Metaflow torchrun decorator

Introduction

This repository implements a plugin to run parallel Metaflow tasks as nodes in a torchrun job which can be submitted to AWS Batch or a Kubernetes cluster.

Features

  • Automatic torchrun integration: This extension provides a simple and intuitive way to incorporate PyTorch distributed programs in your Metaflow workflows using the @torchrun decorator
  • No changes to model code: The @torchrun decorator exposes a new method on the Metaflow current object, so you can run your existing torch distributed programs inside Metaflow tasks with no changes in the research code.
  • Run one command: You don't need to log into many nodes and run commands on each. Instead, the @torchrun decorator will select arguments for the torchrun command based on the requests in Metaflow compute decorators like number of GPUs. Network addresses are automatically discoverable.
  • No user-facing subprocess calls: At the end of the day, @torchrun is calling a subprocess inside a Metaflow task. Although many Metaflow users do this, it can make code difficult to read for beginners.

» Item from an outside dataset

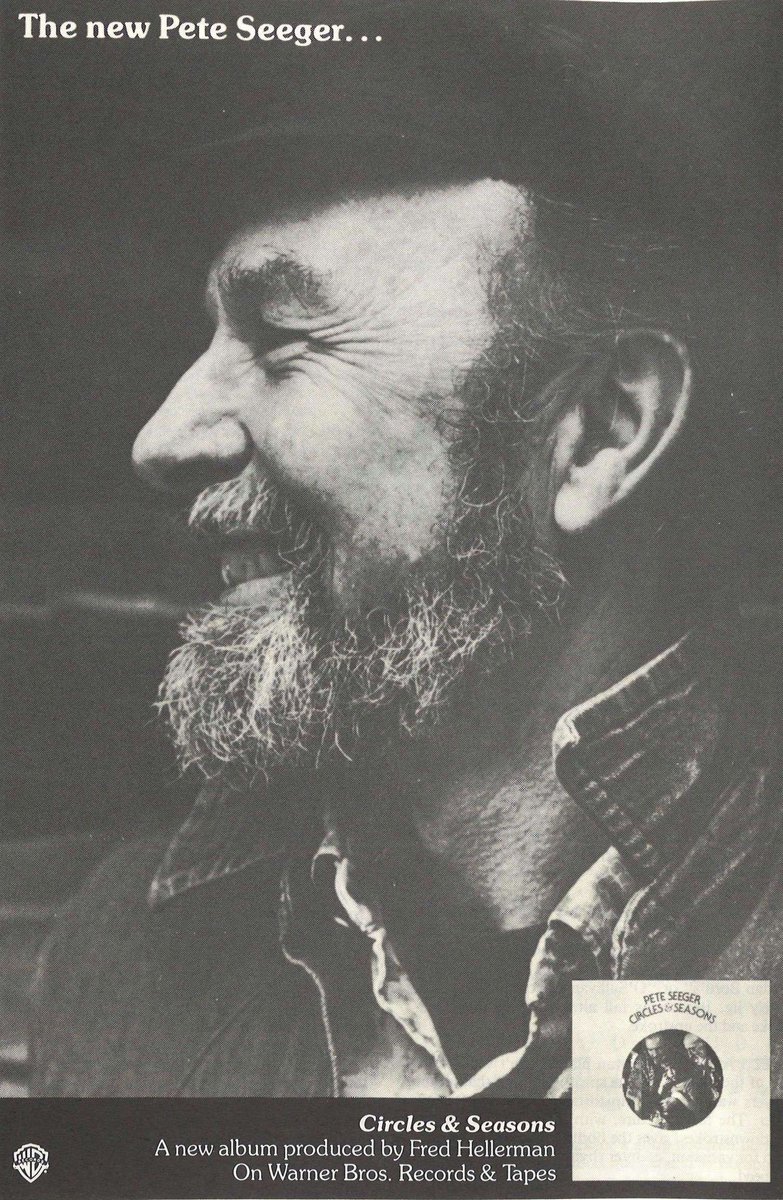 BrainfeedArchiv's tweet photo. The new Pete Seeger... in 'Sing Out! The Folk Song Magazine', Vol. 27, No. 4 (1979) #peteseeger #folk #banjo #americana #protestmusic https://t.co/u6NcYcMYHW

One major goal of this plugin is to motivate hardening and automating a pattern for submitting subprocess calls inside Metaflow tasks.

Installation

You can install it with:

pip install metaflow-torchrun

Getting Started

And then you can import it and use in parallel steps:

from metaflow import FlowSpec, step, torchrun

...
class MyGPT(FlowSpec):

    @step
    def start(self):
        self.next(self.torch_multinode, num_parallel=N_NODES)

    @kubernetes(cpu=N_CPU, gpu=N_GPU, memory=MEMORY)
    @torchrun
    @step
    def torch_multinode(self):
        ...
        current.torch.run(
            entrypoint="main.py", # No changes made to original script.
            entrypoint_args = {"main-arg-1": "123", "main-arg-2": "777"},
            nproc_per_node=1,     # edge case of a torchrun arg user-facing.
        )
        ...
    ...

Examples

Directory torch script description
Hello Each process prints their rank and the world size.
Tensor pass Main process passes a tensor to the workers.
Torch DDP A flow that uses a script from the torchrun tutorials on multi-node DDP.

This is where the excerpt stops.